===== Collected material =====

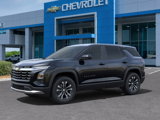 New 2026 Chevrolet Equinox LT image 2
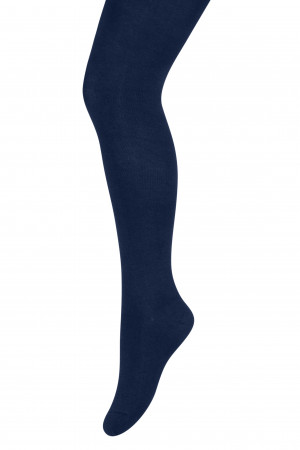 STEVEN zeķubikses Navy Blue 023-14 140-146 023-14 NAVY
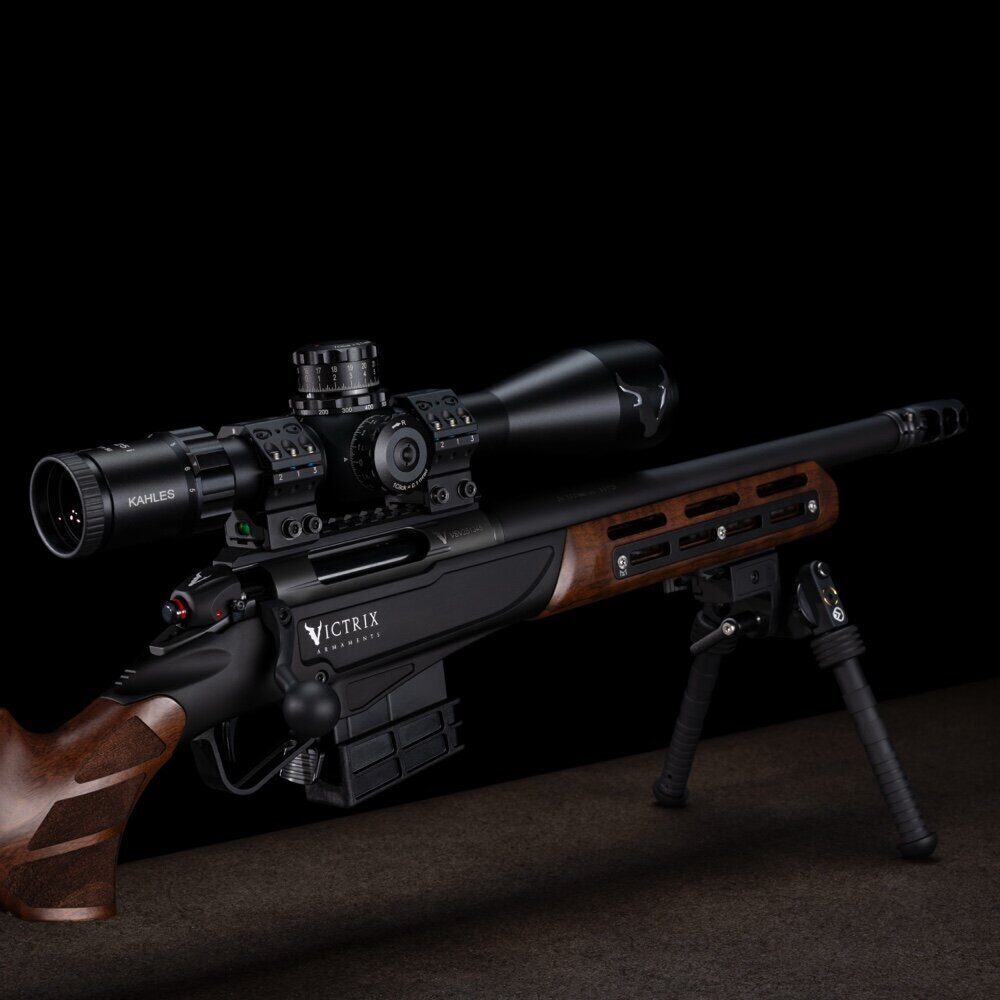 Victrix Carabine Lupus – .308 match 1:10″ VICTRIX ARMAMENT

=====

Work task:
Line by line, return the listing above exactly, leaving out its pictures.

Response to the task:
 New 2026 Chevrolet Equinox LT image 2
 STEVEN zeķubikses Navy Blue 023-14 140-146 023-14 NAVY
 Victrix Carabine Lupus – .308 match 1:10″ VICTRIX ARMAMENT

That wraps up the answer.